This information is retained within the position computation module
14 for subsequent use. Effectively it allows a reference map of the
loudspeaker 15 layout in the room to be defined, the framework
within which the positions of subsequently sensed sounds will be
placed.
[0057] After the test sequence is complete, the system 40 reverts
to a normal operating mode during which the positions of
independent noise sources can be determined. In this normal
operating mode, the controller 41 does not select the test sequence
generator 42, but may reconfigure the sound feature detectors 44 to
look for particular types or patterns of sound (if these are
different from the types or patterns of sound produced in the test
sequence). For example, the sound feature detectors may be
reconfigured to look for a low frequency voice or cough with a
moderate level, instead of the low level 16 kHz sine wave burst
used in test mode. Thus, in a general aspect, the sound feature
detectors 44 also include one or more signal processors for
identifying one or more characteristic portions of independent
noise source signals so that those characteristic portions may be
used to determine relative time differences.

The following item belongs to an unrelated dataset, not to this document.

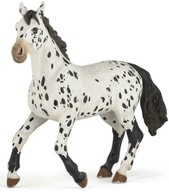 Appaloosa kôň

[0058] In the normal operating mode, appropriate sounds picked up
by all four loudspeakers 15 are recognised by the sound feature
detectors 44, each of which triggers at a time corresponding to the
length of time taken for the sound to travel from its source to the
relevant loudspeaker. This information is stored in the time delay
storage block 45 and, in turn, is passed to the position
computation module 14.
[0059] Although now the time delays of the detected sound are only
relative to each other (there is no equivalent of a `start` trigger
signal from the test sequence generator for independent noise
sources), the position computation module 14 already knows the
absolute distances between the loudspeakers. It can therefore
compute the absolute position of the sound source which has been
detected. This position information (in the form, for example, of
x,y coordinate points relative to a baseline direction between the
front left loudspeaker 15a and the front right loudspeaker 15b is
then made available to the wider system or network for processing
according to the requirements of the application.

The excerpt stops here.